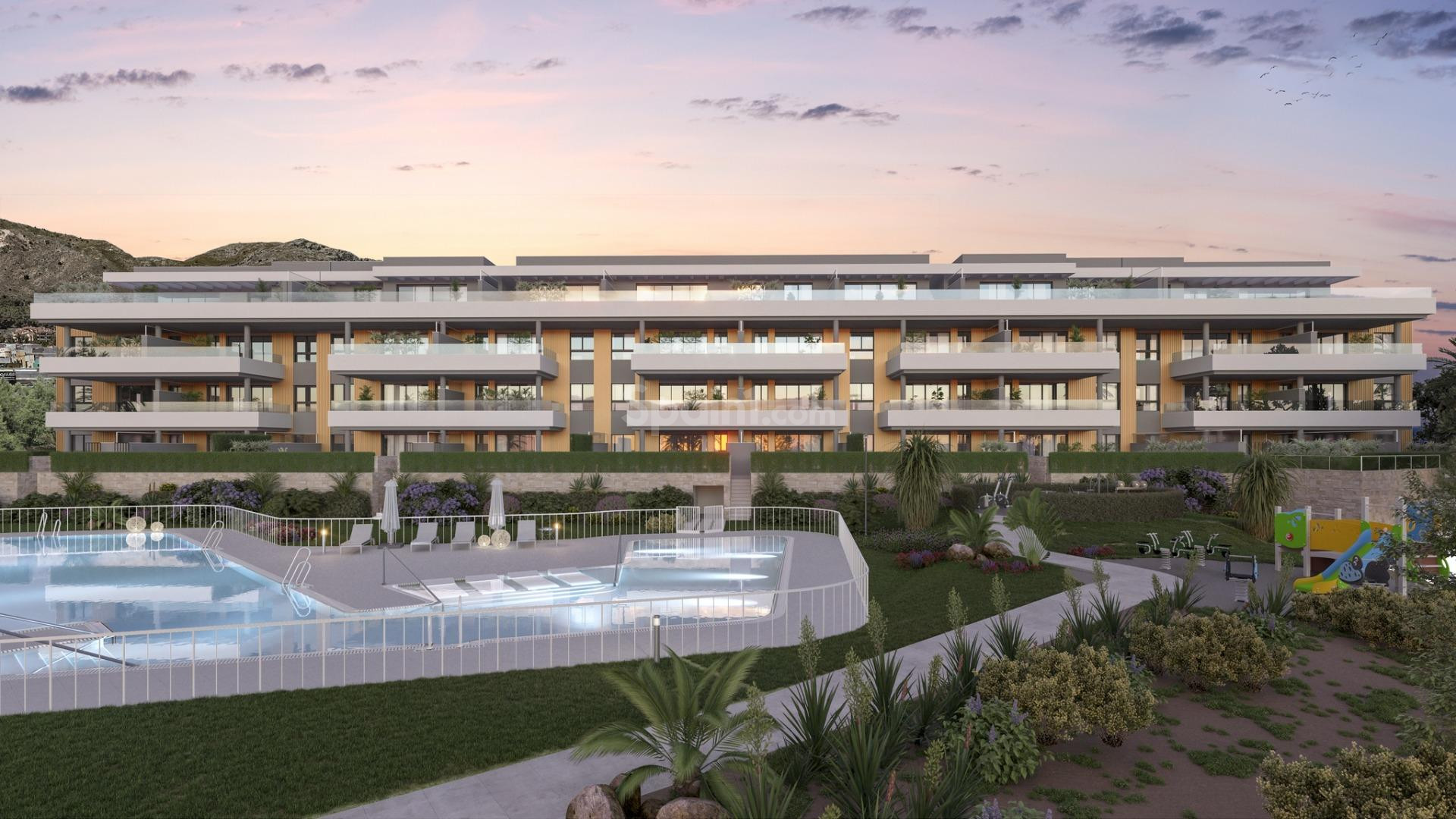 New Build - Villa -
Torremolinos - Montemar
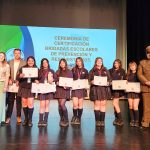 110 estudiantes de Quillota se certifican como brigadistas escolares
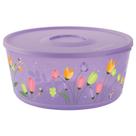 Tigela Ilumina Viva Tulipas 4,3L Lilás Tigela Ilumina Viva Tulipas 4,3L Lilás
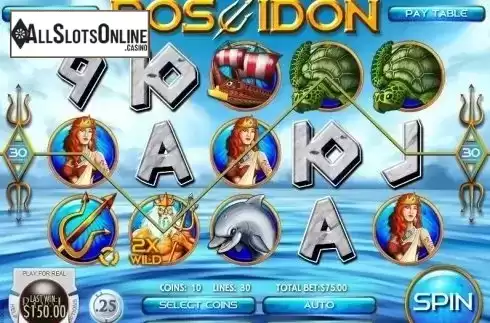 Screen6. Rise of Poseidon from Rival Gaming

* * *

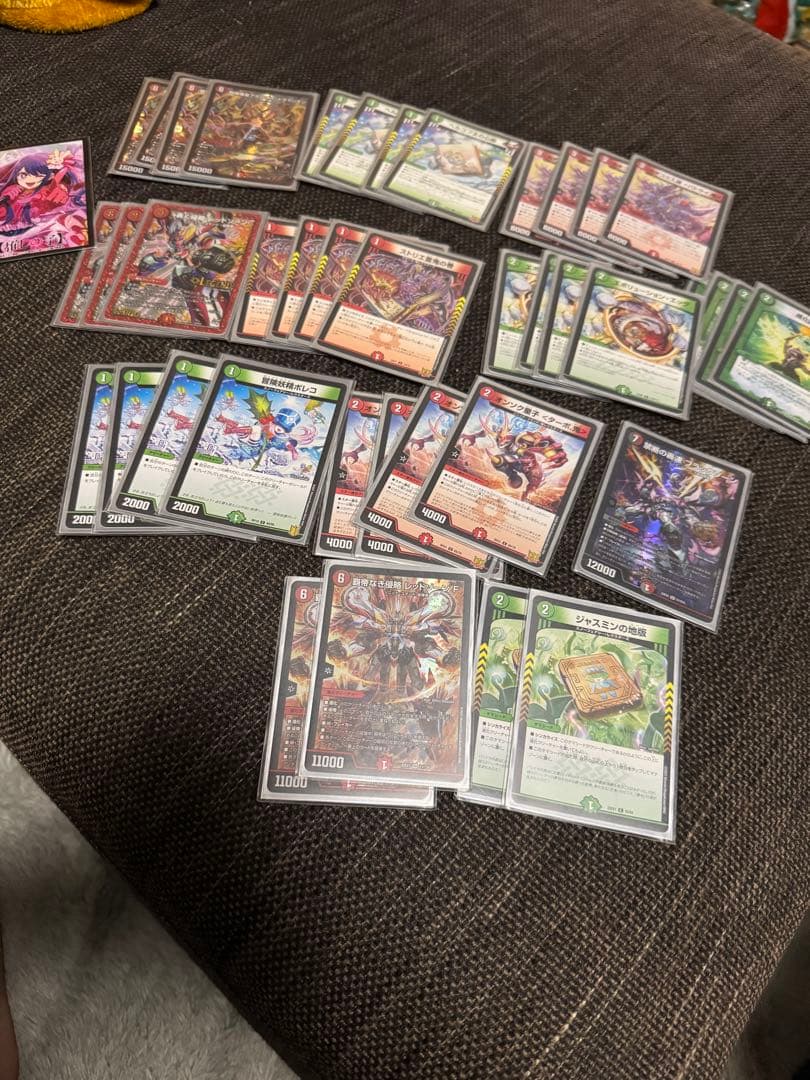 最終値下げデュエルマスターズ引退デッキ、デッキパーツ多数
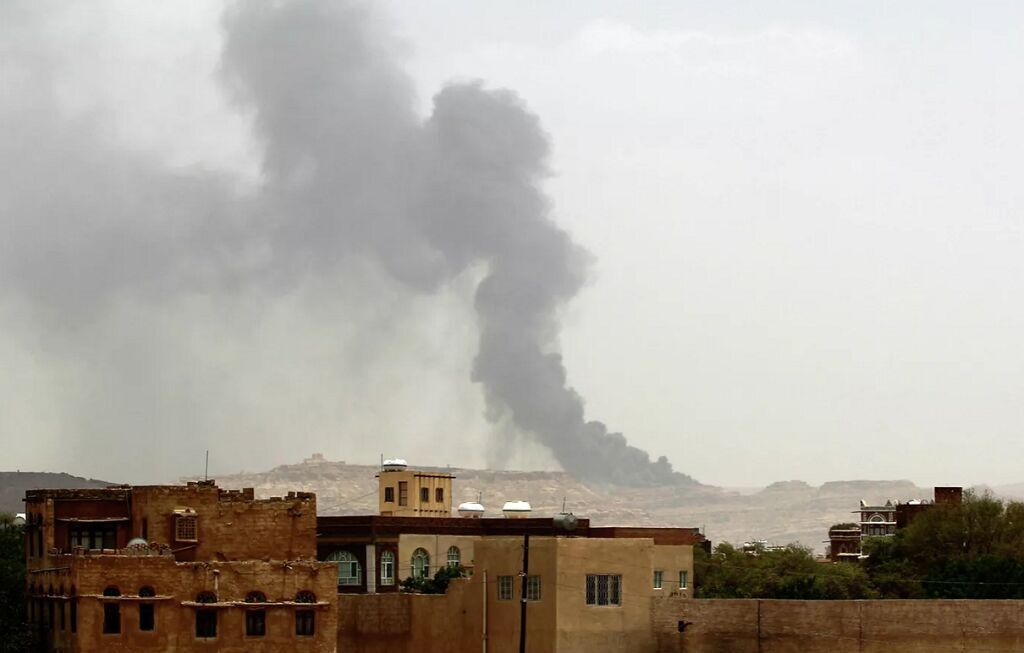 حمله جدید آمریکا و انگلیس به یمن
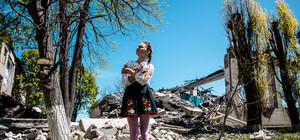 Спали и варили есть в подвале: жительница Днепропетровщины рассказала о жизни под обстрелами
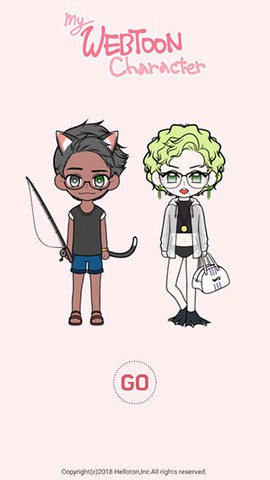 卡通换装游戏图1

* ABOUT THIS TASK: Make an exact copy of the lines above, beginning with the line with "Torremolinos - Montemar" and ending with the line with "Screen6. Rise of Poseidon from Rival Gaming", and keep the pictures out of it.

* YOUR RESPONSE:
Torremolinos - Montemar
 110 estudiantes de Quillota se certifican como brigadistas escolares
 Tigela Ilumina Viva Tulipas 4,3L Lilás Tigela Ilumina Viva Tulipas 4,3L Lilás
 Screen6. Rise of Poseidon from Rival Gaming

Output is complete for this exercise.